Exercise directions: Starting at the line below that contains "waqas orange logo" and ending at the line that contains "Червоний Хендай Елантра, об'ємом", retype each line exactly as it stands, but omit the pictures.

Recorded information:
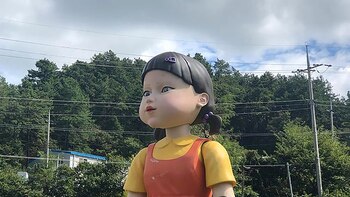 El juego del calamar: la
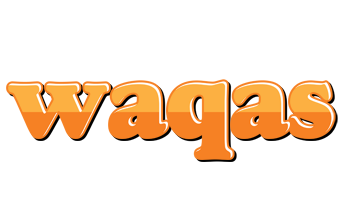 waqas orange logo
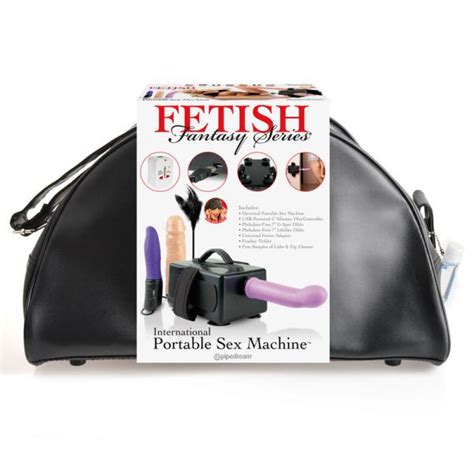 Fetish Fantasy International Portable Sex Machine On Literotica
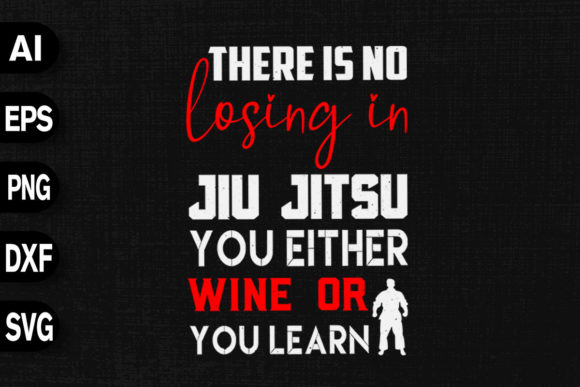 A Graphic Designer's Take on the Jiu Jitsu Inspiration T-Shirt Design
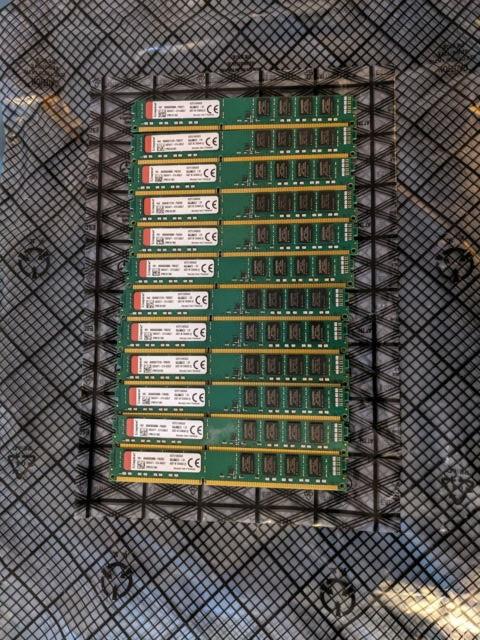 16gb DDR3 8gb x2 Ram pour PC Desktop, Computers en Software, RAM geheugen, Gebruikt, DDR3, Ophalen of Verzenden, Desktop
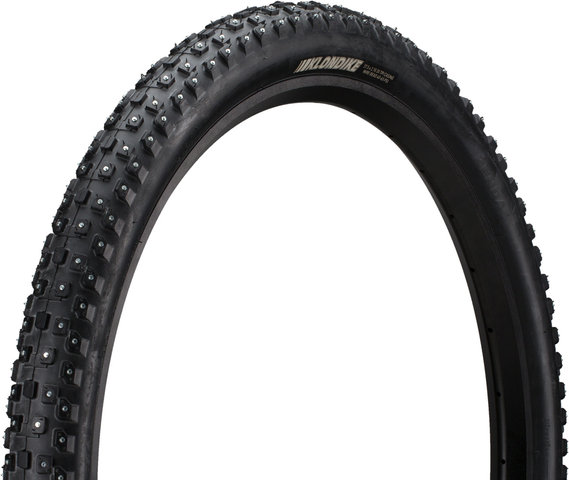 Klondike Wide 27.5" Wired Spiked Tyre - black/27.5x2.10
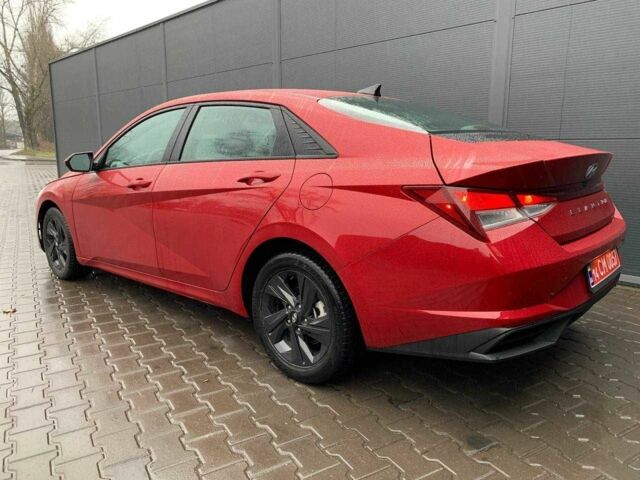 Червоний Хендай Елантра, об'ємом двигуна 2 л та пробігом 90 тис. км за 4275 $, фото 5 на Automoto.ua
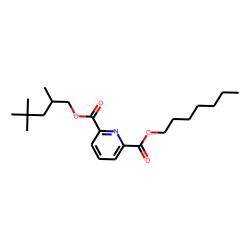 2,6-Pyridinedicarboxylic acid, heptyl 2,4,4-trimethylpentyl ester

Expected output:
 waqas orange logo
 Fetish Fantasy International Portable Sex Machine On Literotica
 A Graphic Designer's Take on the Jiu Jitsu Inspiration T-Shirt Design
 16gb DDR3 8gb x2 Ram pour PC Desktop, Computers en Software, RAM geheugen, Gebruikt, DDR3, Ophalen of Verzenden, Desktop
 Klondike Wide 27.5" Wired Spiked Tyre - black/27.5x2.10
 Червоний Хендай Елантра, об'ємом двигуна 2 л та пробігом 90 тис. км за 4275 $, фото 5 на Automoto.ua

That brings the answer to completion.